Grandma’s music set was playing, not a Christmas carol, but Dido and Aeneas, a masterpiece based on a tragedy by Nahum Tate, which was first performed in about 1689, and composed by the best known English composer, Henry Purcell, famous for his theatrical music. I knew grandma’s insatiable appetite for classical music, but an opera, and a tragic one at that, for Christmas? It did not add up. I looked around. She was not anywhere around. I went to the music set and removed the playing album from the turntable. Grandma had stuck to her turntable because that was the only way to keep playing the array of albums containing her classical collections, a hefty treasure possession, product of years of purchasing the best in that genre of music. I tried to get something to put me back in the mood of Christmas from some of the flicks on the table. The only thing I saw that came close to a carol was a Christmas Symphony by a strange name, I was not sure I had come across before.
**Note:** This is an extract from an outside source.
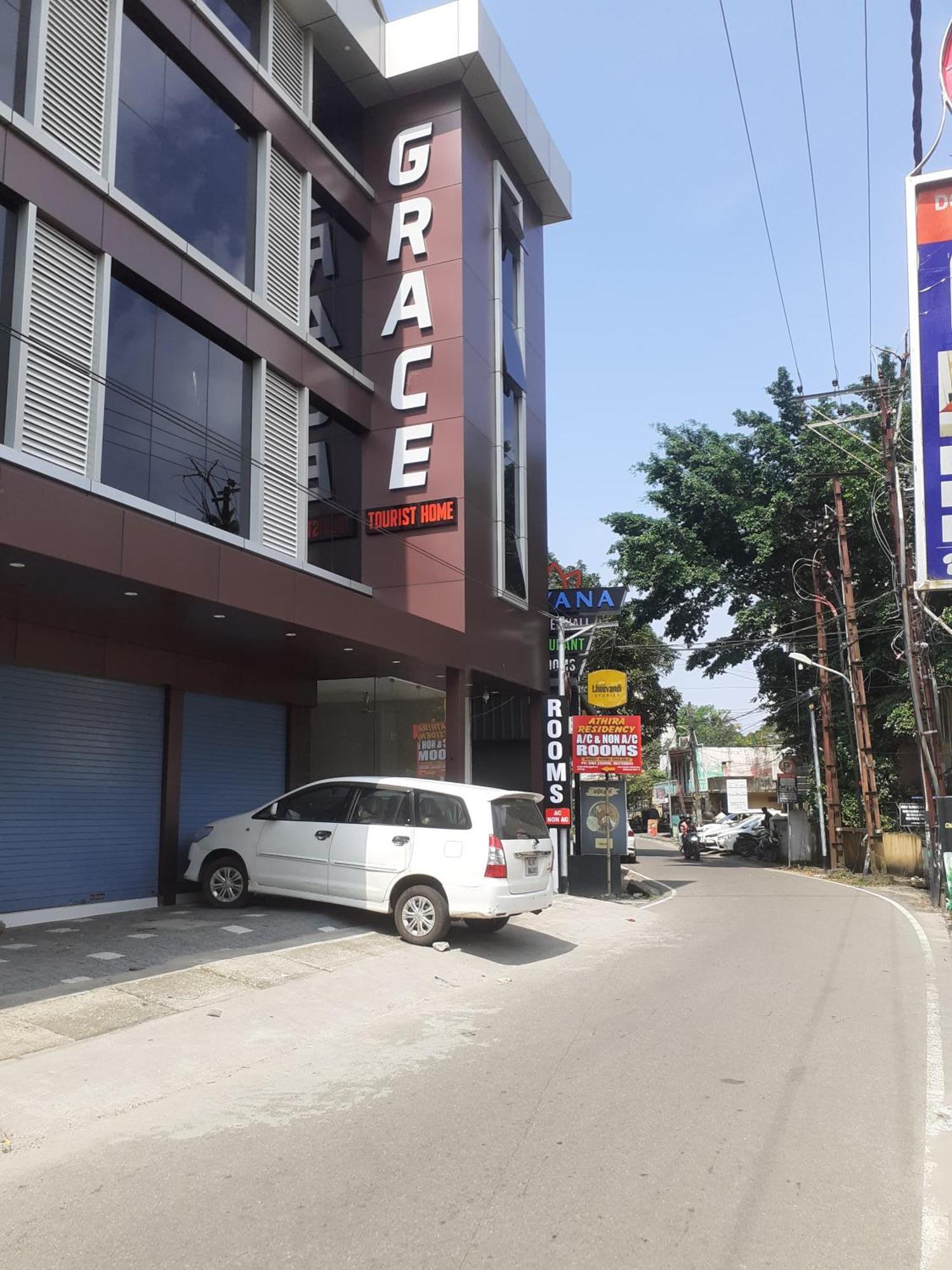 Grace Tourist * Kochi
The composer was a guy by the name Krzysztof Penderecki, a Polish, I guessed. The music as played by the New York Philharmonic was a one-movement work, intriguing in its striking Baroque strong sense of dynamism.
She walked in, looked at me and smiled, apparently at my rapt attention to the not so popular composer with such a distinct style. She was about to go into the intricate analysis of the music when she noticed my quizzical look. “What is the problem my son”, she asked pulling my arm, heading to the three-seater settee. “Grandma, what is happening?” I asked as we settled on the soft sofa. “About what she retorted”, in pretended ignorance. “I mean, where is the Christmas in this compound?” She looked pensively at me and startled me with a bout of long laughter that got me confused and surprised.
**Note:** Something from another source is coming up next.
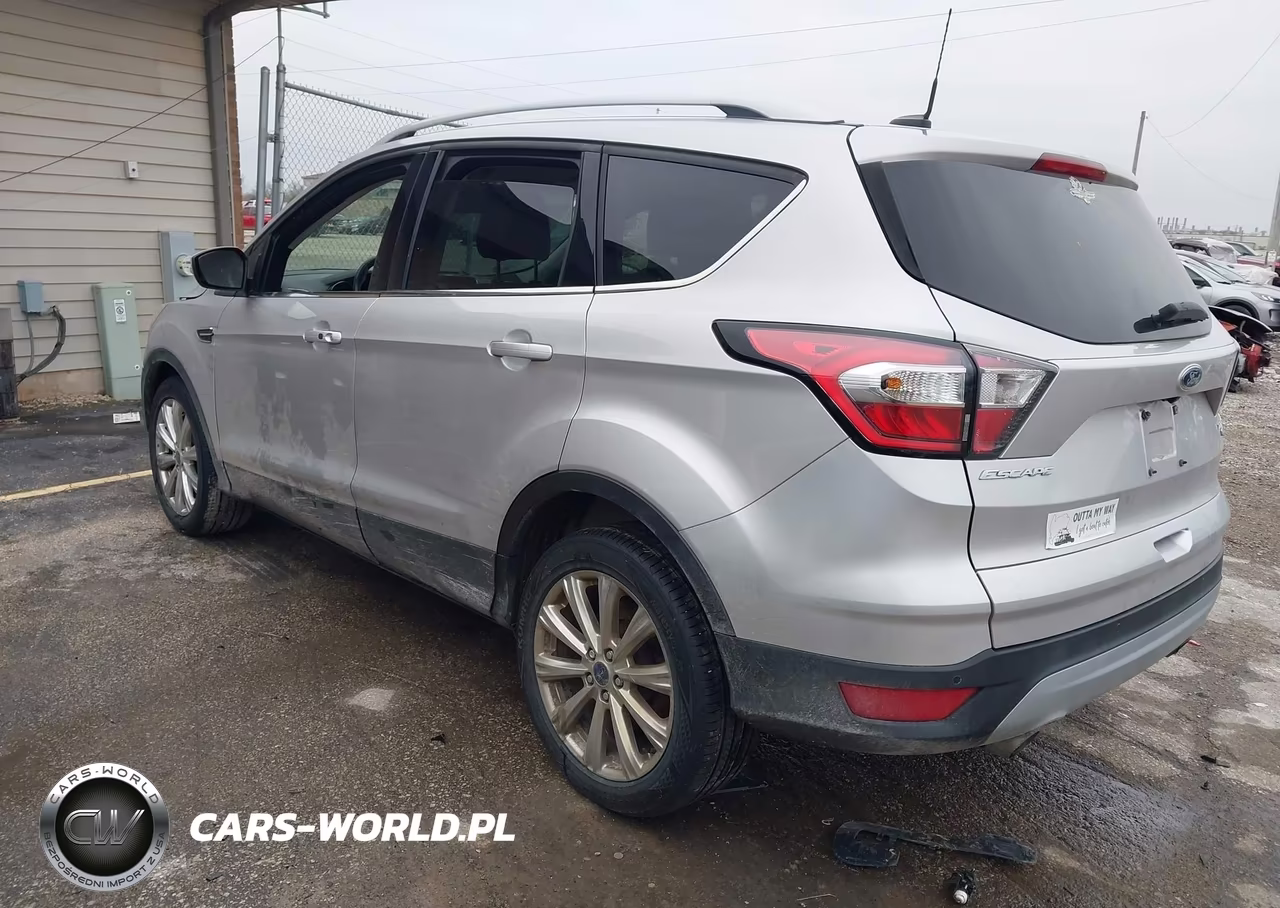 2017 Ford Escape Titanium VIN:1FMCU9J9XHUA96013 - 3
“Christmas has taken flight in our land”, she said matter-of-factly. “What’s that grandma?” I asked. “I thought you are a journalist? Why are you asking such a dumb question, when you can feel the absence of real joy around you?” all these, she said with fire in her eyes. I kept quite. I dare not work her up in this season. I sat there saying nothing. She began again, this time, more subdued; “can’t you see the misery in the eyes of the people? Can’t you feel the sadness of the average person, even government workers in their inability to meet the basic obligation to their children in this so-called season of joy? My son, take a better look around you and tell me how many are celebrating Christmas. Tell me how may have the means to truly celebrate. Tell me how many in this land were able to buy new dresses for their children. How many of them can afford to slaughter the festival chicken. My son, the politicians have stolen our Christmas!”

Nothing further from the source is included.